I don't typically care for Combos in a metal setting, they tend to lack bottom end. I went with a 15w IRT-STUDIO (just dont have a need for more than that) and I love it through my closed back Orange 2x12 (v30's). I like the IRTs for the money, very nice modern metal tones out of them.


----------



## viesczy (Dec 13, 2013)

All Laney did with the Ironheart 2x12 cab was rebrand it from their existing 2x12 with the HH speakers in, it isn't "new" just newly branded. Those HH speakers are the nearly identical to the ones that were in the VC50. 

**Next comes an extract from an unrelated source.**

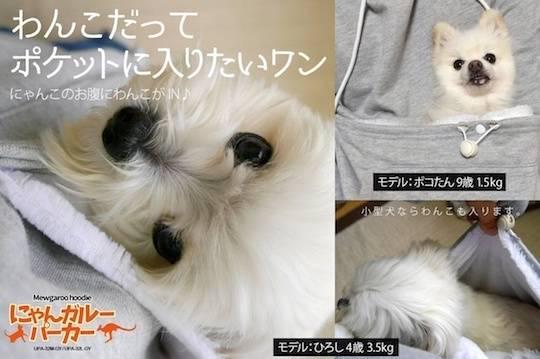 รูปภาพ:http://www.japantrendshop.com//img/unihabitat/mewgaroo-hoodie-cat-pouch-snuggle-cuddle-clothes-5.jpg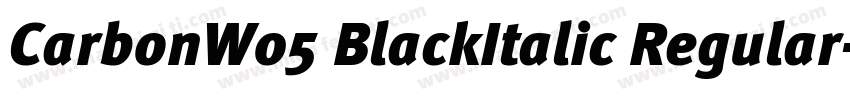 CarbonW05 BlackItalic Regular字体转换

As I gigged for years with a combo as my monitor and then ran a cab off the combo, I prefer having the controls right @ my reach and I get/got some incredible sustain/feedback with the combo "right" there. 

Don't over look that option.

Yes most combos tend to be HEAVY bastages!

Derek


----------



## tscoolberth (Jan 2, 2014)

JD27 said:


> I don't typically care for Combos in a metal setting, they tend to lack bottom end. I went with a 15w IRT-STUDIO (just dont have a need for more than that) and I love it through my closed back Orange 2x12 (v30's). I like the IRTs for the money, very nice modern metal tones out of them.



I just got the 15w IRT-Studio so thanks for the recommendation .. and since you have a Ghost BC pic as your profile, your credentials are in order.


----------